# How caching works in tidywikidatar

library(tidywikidatar)

In order to reduce load on Wikidata’s server and to speed up the processing of data, tidywikidatar makes extensive use of local caching.

## What data are cached locally

There are a few types of data that are cached locally:

• searches run with tw_search()
• data about an item, typically retrieved with tw_get() or tw_get_property()
• labels or description of properties, typically retrieved with tw_get_property_label() and tw_get_property_description()
• qualifiers of properties, typically retrieved with tw_get_qualifiers()
• data retrieved from (or about) Wikipedia pages, with tw_get_wikipedia(), and tw_get_wikipedia_page_links()
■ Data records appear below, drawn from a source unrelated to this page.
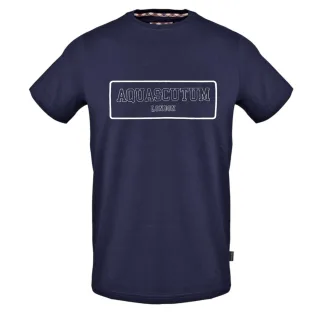 Aquascutum - T-Shirt für Herren/Damen Unisex, Rundhalsausschnitt (Marine)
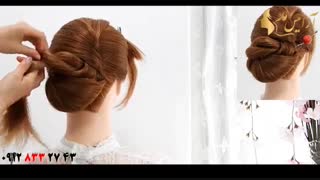 کلیپ آموزش شینیون زیبا و ساده مو + دیزاین مو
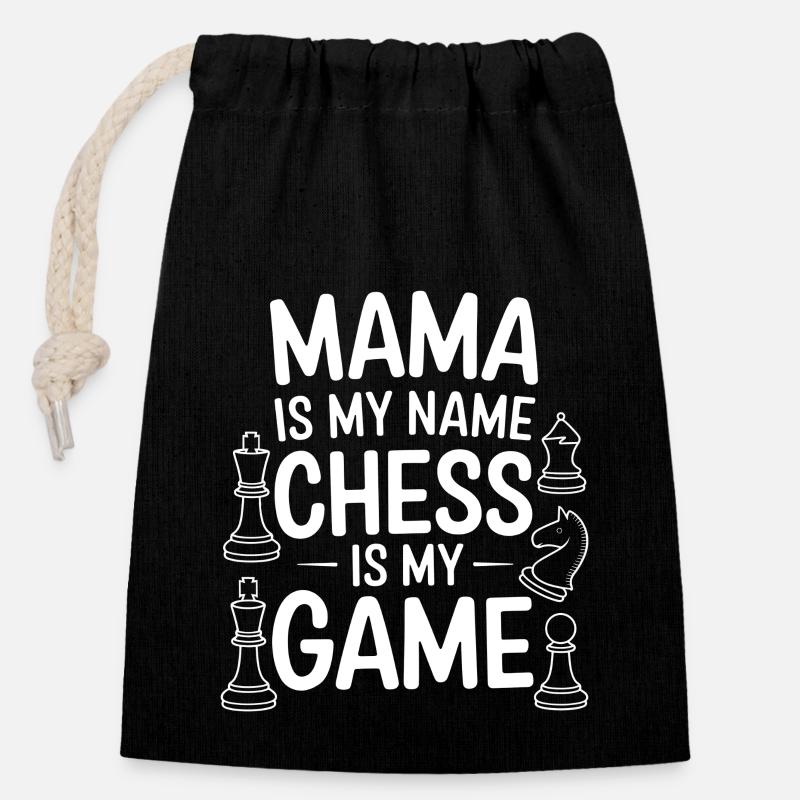 Stolze Schach Mama Design - Verschließbarer Geschenkbeutel aus Baumwolle (14x20cm) - Schwarz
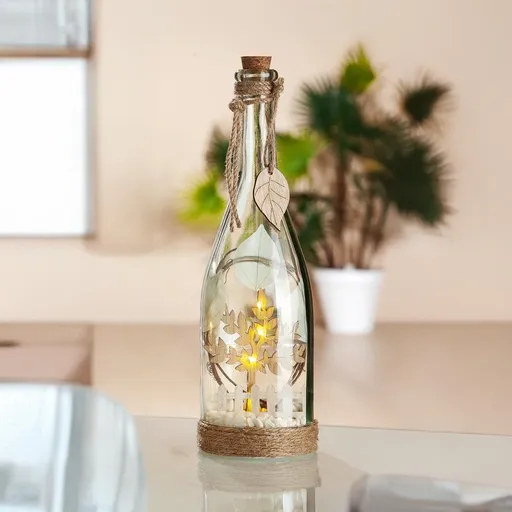 Gilde LED dekorace Vzkaz v láhvi - Bílý plot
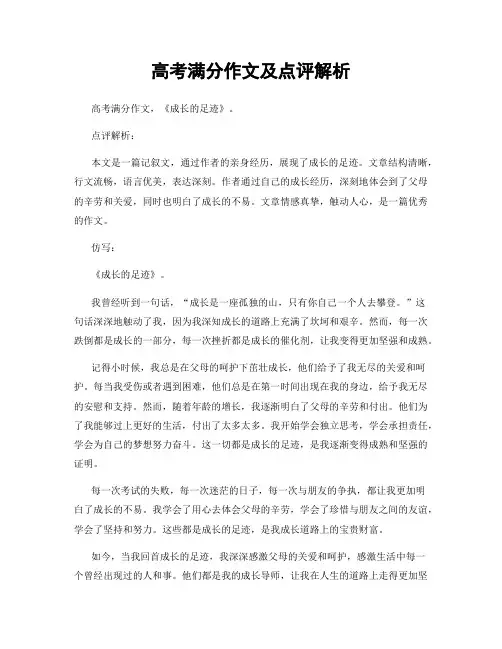 高考满分作文及点评解析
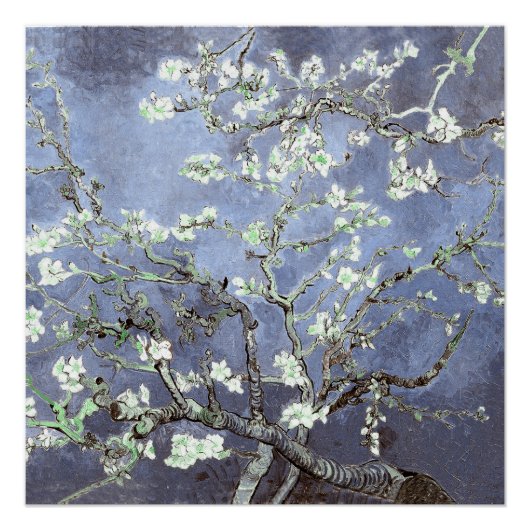 Van Gogh Almond Blossoms Steel Blue Poster (Vorderseite)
To reduce space used for local caching and speed up processing time, it is possible to store only labels and information available in a given language when relevant.

## Caching with SQLite

In tidywikidatar, it is possible to enable caching with:

tw_enable_cache()

If you do not include further parameters, by default tidywikidatar will use a local SQLite database for caching.

You can choose in which folder the SQLite database will be stored with tw_set_cache_folder(); if not already existing, you can create that folder with tw_create_cache_folder().

tw_set_cache_folder(path = fs::path(fs::path_home_r(),
"R",
"tw_data"))
tw_create_cache_folder()

## Caching with other database backends

Support for other database backends is now available. They can be accessed most easily using the following approach, having ensured that the relevant driver (and odbc package) have previously been installed:

tw_enable_cache(SQLite = FALSE)
tw_set_cache_db(driver = "MySQL",
host = "localhost",
port = 3306,
database = "tidywikidatar",

# for testing, consider running a local database e.g. with:
# docker run --name tidywikidatar_db -p 3306:3306 -e MYSQL_ROOT_PASSWORD=secret_root_password -e MYSQL_USER=secret_username -e MYSQL_PASSWORD=secret_password -e MYSQL_DATABASE=tidywikidatar mysql:latest

It is also technically possible to pass directly a connection generated with DBI::dbConnect() to each function.

## Name of tables in cached databases

Each database has a table for each language and type of content. For example, item information retrieved with tw_get(id = "Q180099", language = "en") will be stored in a table called tw_item_en.

The name of the table is unique and is generated by tw_get_cache_table_name(). For example:

tw_get_cache_table_name(type = "item", language = "en")
#> [1] "tw_item_en"